Tuesday 14 February 2017 by FIIG Research ripples_on_water Company updates

Genworth Mortgage Insurance Australia Ltd full year 2016 results

Genworth Australia released its full year 2016 results

Full year 2016 earnings

Key points:

  • Underlying NPAT is down 20% to $212.2m
  • Delinquencies stepped up to 46 bps in 2H16, driving a 35% loss ratio (consistent with guidance)
  • Capital remains strong with Prescribed Capital Amount (PCA) coverage of 1.57x. This translates to circa $400m of surplus capital above the top end of its 1.32x-1.44x target PCA. The company did not highlight any capital management activities
  • FY17 guidance:
    • Gross written premium (GWP)/Net Earned Premium (NEP): Genworth expects both to fall 10%-15% vs. FY16A
    • Loss ratio: 40-50% vs. 35% in FY16A
    • Expense ratio: 28-30% vs. 25.7% in FY16A

Customer contracts

Genworth Australia have flagged it may not renew – in full – its contract with its second largest customer, noting that the customer is “considering other alternatives to traditional lenders mortgage insurance” in particular for their less than 80% loan to value ratio portfolio.

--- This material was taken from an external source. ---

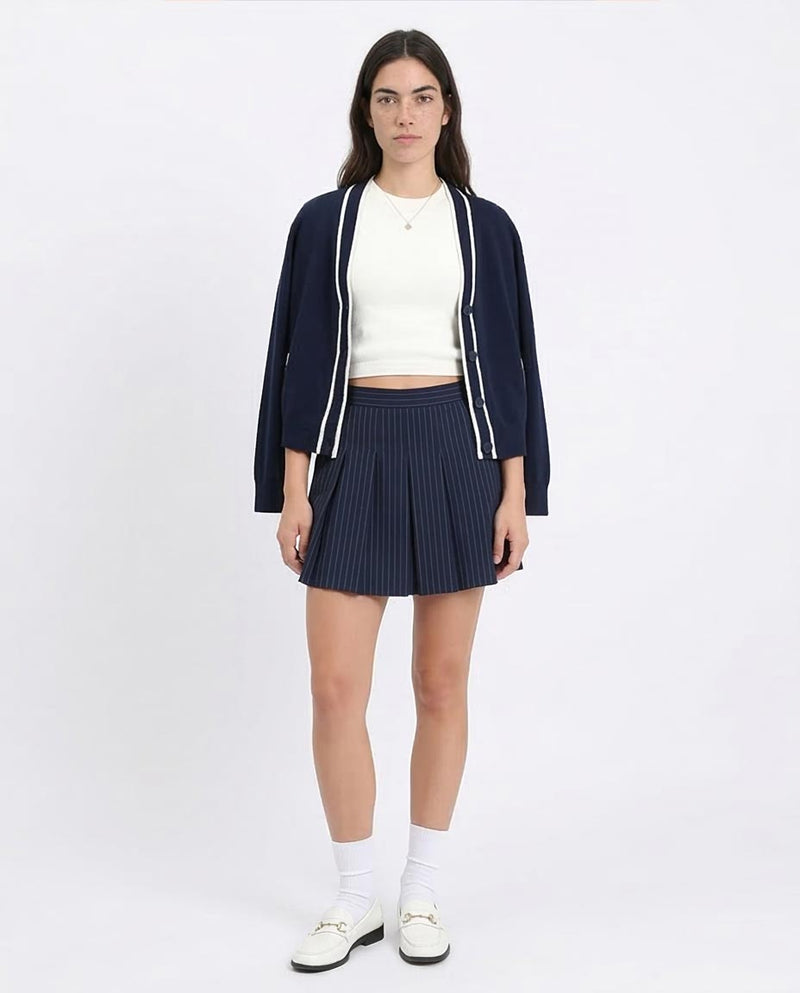 Ravin Women's Short Sleeve Fitted Knit Crop Top – Off-White - R207978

Company FY17 guidance assumes the loss of all GWP relating to this contract. Genworth Australia also advises that its third largest customer contract, due to expire on 20 November 2017, “may or may not” be renewed. Its top three customers accounted for approximately 78% of Genworth’s total new insurance written (NIW) and 71% of GWP in FY16. Commonwealth Bank of Australia (CBA), Genworth Australia’s largest customer, recently renewed its contract to 31 December 2019.

Potential impact on BBSW+3.50% Tier 2 Notes

Summary: If Genworth Australia continues to write less business, liabilities will naturally reduce, reducing the amount of regulatory capital required to be held. As the business shrinks, capital is released which is more than sufficient to repay the $200m Tier 2 notes when they are due. At December 2016 the group held $800m of excess capital. However, Bloomberg consensus expects net income to stabilise in 2018.

New Insurance written

New Insurance written (NIW) continues to shrink, which is reducing gross written premium (GWP). However as GWP reduces, Genworth Australia needs less capital to support a smaller base of liabilities. If the company stopped or writes less new business, liabilities will naturally reduce, releasing capital.

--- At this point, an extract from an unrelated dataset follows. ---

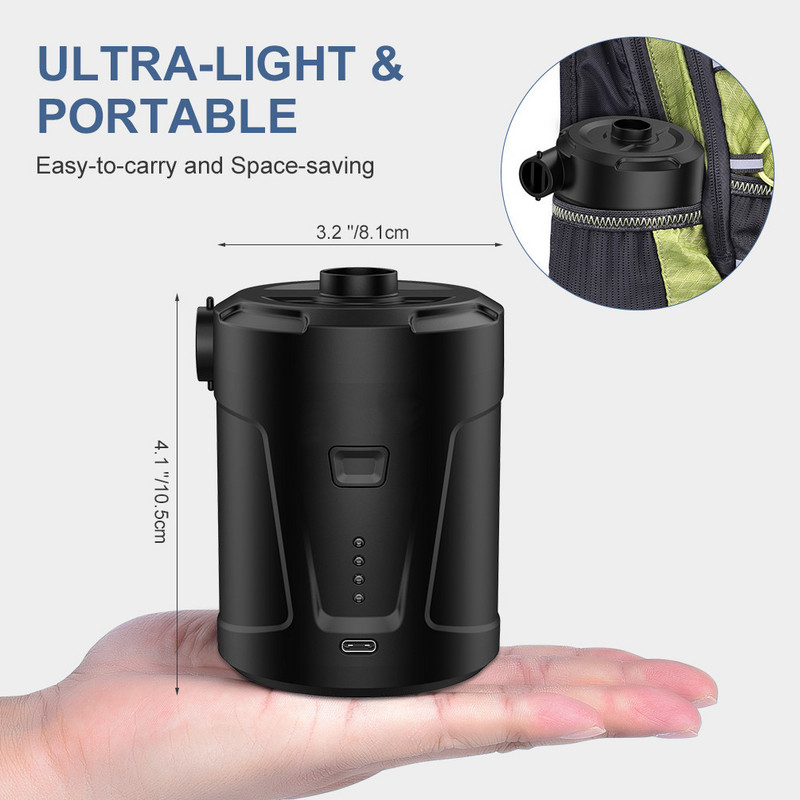 Elektriline õhupumba täispuhuja aku laetav õhukompressor, kaasaskantav PVC paadimadratsi jaoks täispuhutava basseini parvvoodi jaoks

Source: Genworth Australia

At December 2016, Genworth held capital of $2.2bn ($2bn of common equity and $200m BBSW+3.50% Tier 2 Notes) against a minimum regulatory requirement of $1.4bn. The minimum capital requirement reduced from $1.64bn in FY15, given the reduction in premiums.

Genworth therefore holds excess capital of $800m.

Over the last few years as the business has reduced in size, and excess capital has been returned to equity investors via special dividends. If the business continues to shrink, the $200m of Tier 2 Notes may also be repaid, depending on regulatory requirements and cost of funding at the first call date.

GMA is however seeking to develop new product that better aligns with the demands of its customer base. Bloomberg Conesus forecast is for Net Income to fall from $212m in 2016 to $160m in 2017, then to $155m in 2018, before increasing in 2019 to $162m.